* HOW TO COMPLETE THIS TASK:
Output the listing verbatim, leaving out every picture.

* DATA TO PROCESS:

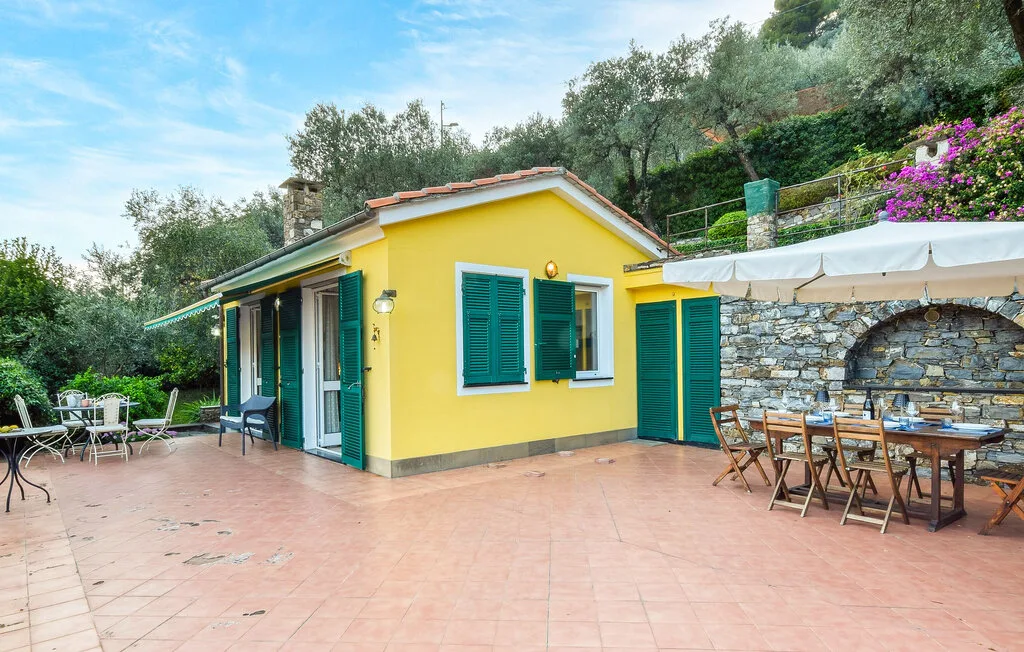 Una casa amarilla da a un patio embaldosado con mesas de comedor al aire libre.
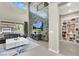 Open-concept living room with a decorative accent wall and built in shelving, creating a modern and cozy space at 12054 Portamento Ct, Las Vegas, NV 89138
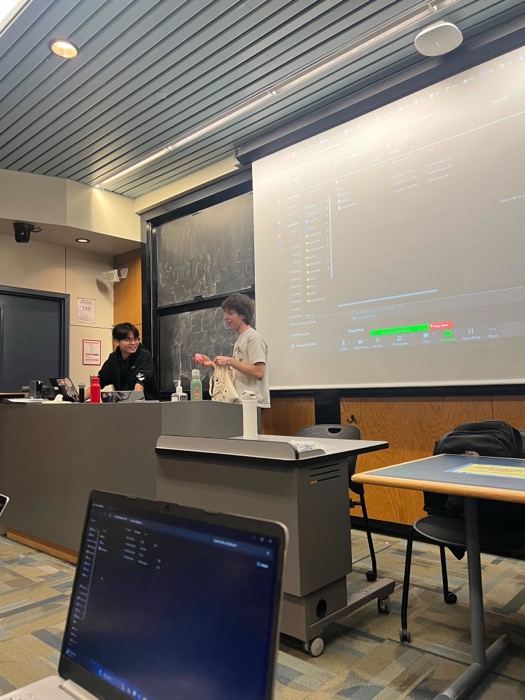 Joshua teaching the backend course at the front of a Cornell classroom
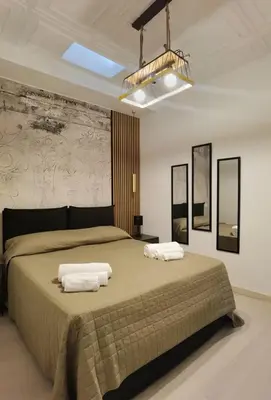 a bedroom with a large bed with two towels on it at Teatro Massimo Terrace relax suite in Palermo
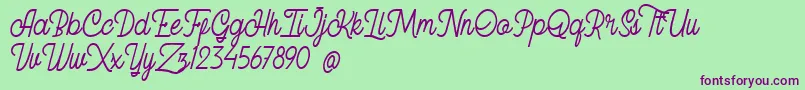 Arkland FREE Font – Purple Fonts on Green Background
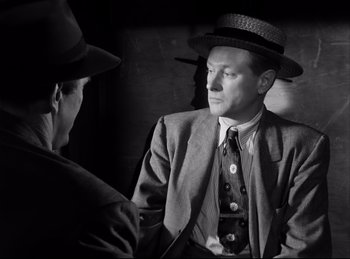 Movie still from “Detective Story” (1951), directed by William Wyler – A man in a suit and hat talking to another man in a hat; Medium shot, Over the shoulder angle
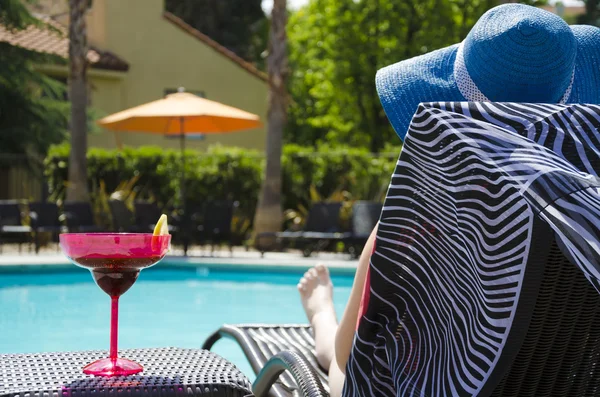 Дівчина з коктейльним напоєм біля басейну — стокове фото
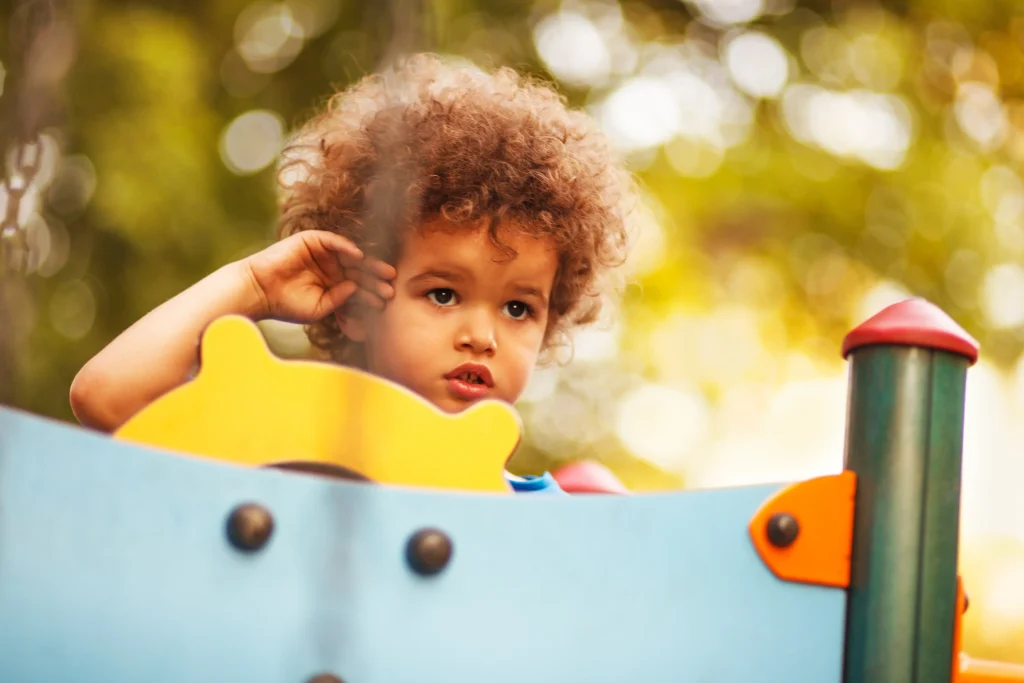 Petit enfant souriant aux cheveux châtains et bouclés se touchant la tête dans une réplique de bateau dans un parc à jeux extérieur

* EXERCISE SOLUTION:
 Una casa amarilla da a un patio embaldosado con mesas de comedor al aire libre.
 Open-concept living room with a decorative accent wall and built in shelving, creating a modern and cozy space at 12054 Portamento Ct, Las Vegas, NV 89138
 Joshua teaching the backend course at the front of a Cornell classroom
 a bedroom with a large bed with two towels on it at Teatro Massimo Terrace relax suite in Palermo
 Arkland FREE Font – Purple Fonts on Green Background
 Movie still from “Detective Story” (1951), directed by William Wyler – A man in a suit and hat talking to another man in a hat; Medium shot, Over the shoulder angle
 Дівчина з коктейльним напоєм біля басейну — стокове фото
 Petit enfant souriant aux cheveux châtains et bouclés se touchant la tête dans une réplique de bateau dans un parc à jeux extérieur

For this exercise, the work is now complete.